Офицер Л.-гв. Егерского полка Г.В. Карцев с восторгом вспоминал: «Бывало, взглянет милостиво — за счастье почел бы отдать за него жизнь. В походе люди устали, еле плетутся: проедет государь, скажет слово, запляшут плясуны, зальются песни, забренчат бубны, и усталость забыта».[46]
Русских и иностранцев поражало его свободное владение языками — немецким, французским и английским, глубокие знания и грамотные суждения о самых разных предметах. При этом он правильно говорил по-русски, выгодно отличаясь от высшей аристократии, которая общалась на смеси французского и русского. Пушкин в 1834 году записал в дневнике: «В воскресенье на бале, в концертной, государь долго со мною разговаривал; он говорит очень хорошо, не смешивая обоих языков, не делая обыкновенных ошибок и употребляя настоящие выражения».[47]
Император Николай I. Гравюра по оригиналу Ф. Крюгера. 1830-е гг.
Человек прямой, честный и открытый, Николай Павлович запомнился современникам своим выражением лица. Даже в веселые минуты в его глазах видели затаенную грусть, происходящую от тяжелого бремени огромной власти и ответственности за всю Россию. Позднейший историк А.М. Зайончковский, синтезируя многочисленные воспоминания, пишет: «Безграничная доброта и любовь к своему народу, нежность любящего отца наравне с непоколебимой твердостью карающего судьи, врожденная доверчивость и привитая печальным опытом подозрительность, присущая ему простота сердечного человека и величие монарха, словом, все обуревавшие его душу хорошие и дурные чувства с одинаковой силой отражались на его прекрасном лице».[48]
Николай I считался одним из самых красивых и обаятельных мужчин своего времени. Античная правильность лица, голубые глаза, величественная наружность и движения, большая внутренняя сила, непреклонная воля в достижении целей, властный и неотразимый взгляд, благородные манеры, умение хорошо танцевать и вести беседу всю жизнь делали Николая Павловича весьма привлекательным для женщин. Даже провинциальные дамы и девицы, которые никогда не имели счастья лично пообщаться с обожаемым императором, были влюблены в него по портретам.
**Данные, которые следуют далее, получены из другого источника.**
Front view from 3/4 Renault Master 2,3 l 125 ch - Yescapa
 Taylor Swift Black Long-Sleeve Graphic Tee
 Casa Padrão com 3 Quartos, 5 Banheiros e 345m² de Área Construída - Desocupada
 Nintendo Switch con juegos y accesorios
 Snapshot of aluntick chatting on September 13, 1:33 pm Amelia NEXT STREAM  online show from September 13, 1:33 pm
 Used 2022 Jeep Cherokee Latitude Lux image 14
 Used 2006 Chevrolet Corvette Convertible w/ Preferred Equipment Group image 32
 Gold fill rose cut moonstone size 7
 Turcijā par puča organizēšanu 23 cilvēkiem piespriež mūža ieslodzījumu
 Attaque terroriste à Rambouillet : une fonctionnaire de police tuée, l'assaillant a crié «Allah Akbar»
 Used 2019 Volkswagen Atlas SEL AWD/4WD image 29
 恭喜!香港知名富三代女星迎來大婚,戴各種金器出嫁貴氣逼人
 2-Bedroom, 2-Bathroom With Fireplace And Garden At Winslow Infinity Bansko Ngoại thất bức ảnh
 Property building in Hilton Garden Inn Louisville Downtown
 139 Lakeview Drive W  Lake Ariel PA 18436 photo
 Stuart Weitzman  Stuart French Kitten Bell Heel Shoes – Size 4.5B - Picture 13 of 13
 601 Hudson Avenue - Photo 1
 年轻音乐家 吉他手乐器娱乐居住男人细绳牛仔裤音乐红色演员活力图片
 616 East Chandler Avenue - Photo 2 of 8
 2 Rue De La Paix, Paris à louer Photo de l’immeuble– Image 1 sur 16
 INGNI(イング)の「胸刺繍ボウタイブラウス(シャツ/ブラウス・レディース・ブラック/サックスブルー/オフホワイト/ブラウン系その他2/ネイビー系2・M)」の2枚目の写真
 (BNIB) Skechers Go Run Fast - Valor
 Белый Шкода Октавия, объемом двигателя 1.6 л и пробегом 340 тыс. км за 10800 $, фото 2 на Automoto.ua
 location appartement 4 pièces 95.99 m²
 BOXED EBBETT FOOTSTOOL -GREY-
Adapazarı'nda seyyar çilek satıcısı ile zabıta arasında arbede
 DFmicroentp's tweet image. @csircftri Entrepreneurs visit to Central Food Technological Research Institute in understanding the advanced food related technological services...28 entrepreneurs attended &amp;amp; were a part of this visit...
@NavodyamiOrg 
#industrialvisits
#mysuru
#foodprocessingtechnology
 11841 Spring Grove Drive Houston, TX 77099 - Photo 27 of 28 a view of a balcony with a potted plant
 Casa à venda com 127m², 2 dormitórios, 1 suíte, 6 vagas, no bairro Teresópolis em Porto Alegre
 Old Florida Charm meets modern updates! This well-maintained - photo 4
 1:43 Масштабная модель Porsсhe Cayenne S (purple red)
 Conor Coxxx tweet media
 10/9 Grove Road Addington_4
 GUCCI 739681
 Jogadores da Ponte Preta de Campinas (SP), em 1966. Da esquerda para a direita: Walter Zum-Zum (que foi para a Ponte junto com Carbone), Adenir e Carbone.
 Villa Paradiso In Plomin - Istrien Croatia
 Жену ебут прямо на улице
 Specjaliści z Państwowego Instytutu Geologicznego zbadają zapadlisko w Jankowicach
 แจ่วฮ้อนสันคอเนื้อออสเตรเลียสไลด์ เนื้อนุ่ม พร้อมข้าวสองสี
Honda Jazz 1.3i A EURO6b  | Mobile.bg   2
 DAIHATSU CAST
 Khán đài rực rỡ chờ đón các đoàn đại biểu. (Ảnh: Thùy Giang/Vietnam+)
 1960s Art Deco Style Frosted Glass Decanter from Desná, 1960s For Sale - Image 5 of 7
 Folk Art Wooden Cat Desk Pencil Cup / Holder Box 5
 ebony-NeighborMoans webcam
Петербургские красавицы тем более не могли оставаться равнодушными к его мужскому обаянию и сильной личности.
Слухи и сплетни высшего света приписывали Николаю I всевозможные любовные истории, называли имена фрейлин и придворных дам, бывших якобы фаворитками его величества. Но никаких доказательств супружеской неверности государя никто и никогда не представил — все оставалось на уровне домыслов. В атмосфере повсеместных интриг и измен верность Николая Павловича своей супруге казалась странной тем дамам, которые пытались флиртовать с ним, и тем, которые это наблюдали, обсуждали, и придумывали продолжения.
Императрица Александра Федоровна. Худ. К. Рейхель
Французские пасквили времен Крымской войны, подхваченные демократической общественностью как проявления свободной западной мысли, изображали русского императора тираном во всех отношениях, безграничным хозяином и собственником всего, что ему подвластно, в том числе и всех приглянувшихся ему женщин. Эти фантазии, не подкрепленные ничем, кроме ненависти воюющей страны к России и ее монарху, взяли на вооружение целые поколения российских либералов и революционеров, а вслед за ними — советских историков.